EXERCISE GOAL →
The answer must consist solely of the lines below starting at the one containing "LOT 133: Calcite" and ending at the one containing "オオクワガタ【能勢YG】♂1♀2トリオの画像", repeated exactly, with both ends included and all pictures omitted.
-- DATA SHOWN follows --
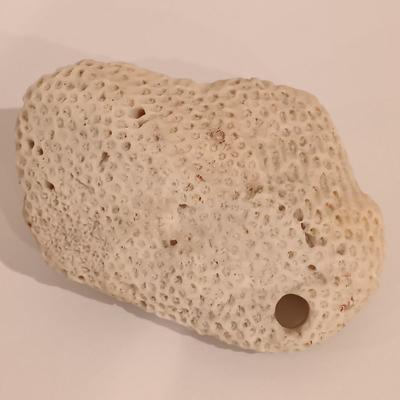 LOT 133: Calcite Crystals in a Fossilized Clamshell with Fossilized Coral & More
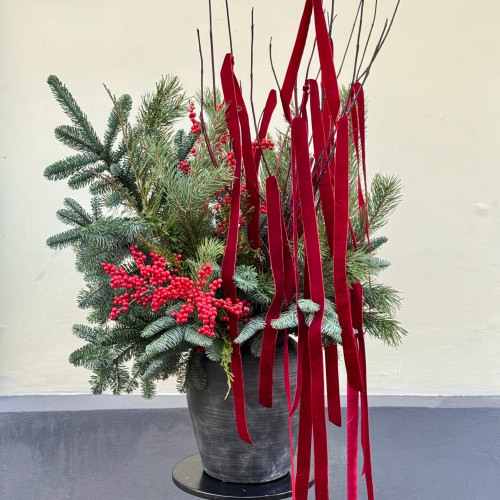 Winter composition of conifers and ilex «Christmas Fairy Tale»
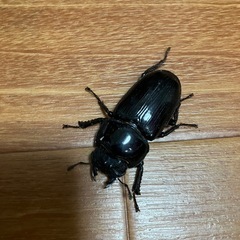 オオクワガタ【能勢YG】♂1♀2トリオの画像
-- DATA SHOWN concluded --
-- DATA SHOWN follows --
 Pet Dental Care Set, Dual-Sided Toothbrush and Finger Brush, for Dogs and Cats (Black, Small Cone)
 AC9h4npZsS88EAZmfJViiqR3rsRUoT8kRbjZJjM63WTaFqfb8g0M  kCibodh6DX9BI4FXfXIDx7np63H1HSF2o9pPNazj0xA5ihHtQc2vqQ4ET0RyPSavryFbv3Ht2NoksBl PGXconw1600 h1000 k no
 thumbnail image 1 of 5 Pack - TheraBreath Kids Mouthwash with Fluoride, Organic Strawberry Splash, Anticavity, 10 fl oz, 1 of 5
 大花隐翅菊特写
-- DATA SHOWN concluded --
-- DATA SHOWN follows --
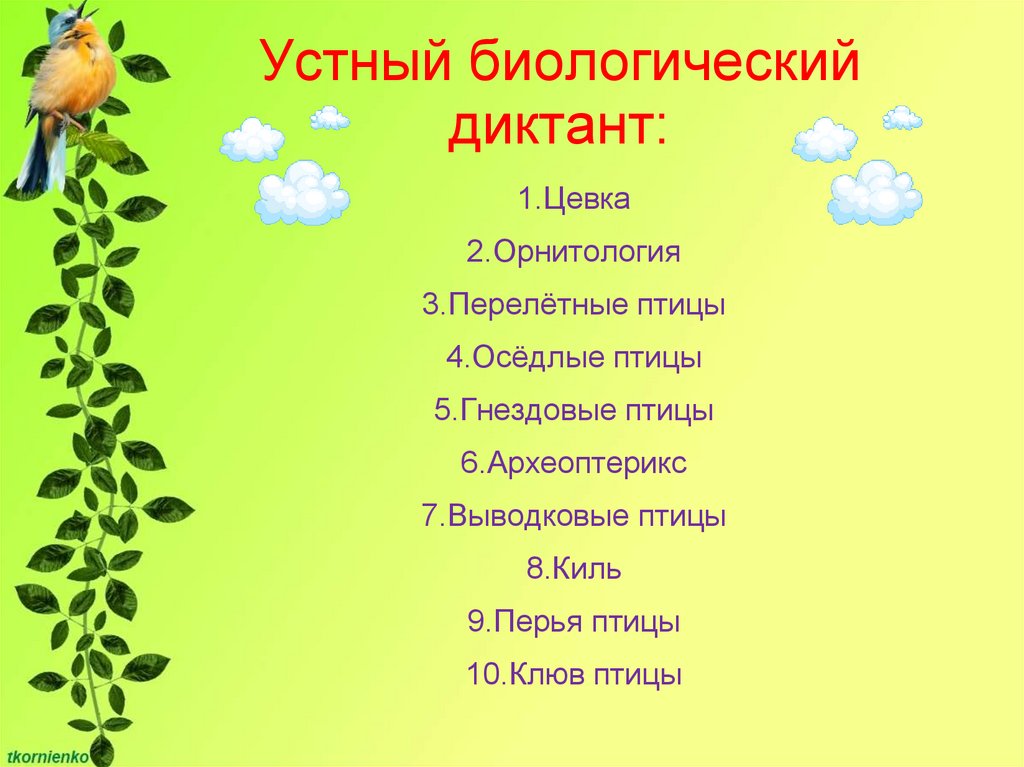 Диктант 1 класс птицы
-- DATA SHOWN concluded --
ANSWER TO THE PROBLEM →
 LOT 133: Calcite Crystals in a Fossilized Clamshell with Fossilized Coral & More
 Winter composition of conifers and ilex «Christmas Fairy Tale»
 オオクワガタ【能勢YG】♂1♀2トリオの画像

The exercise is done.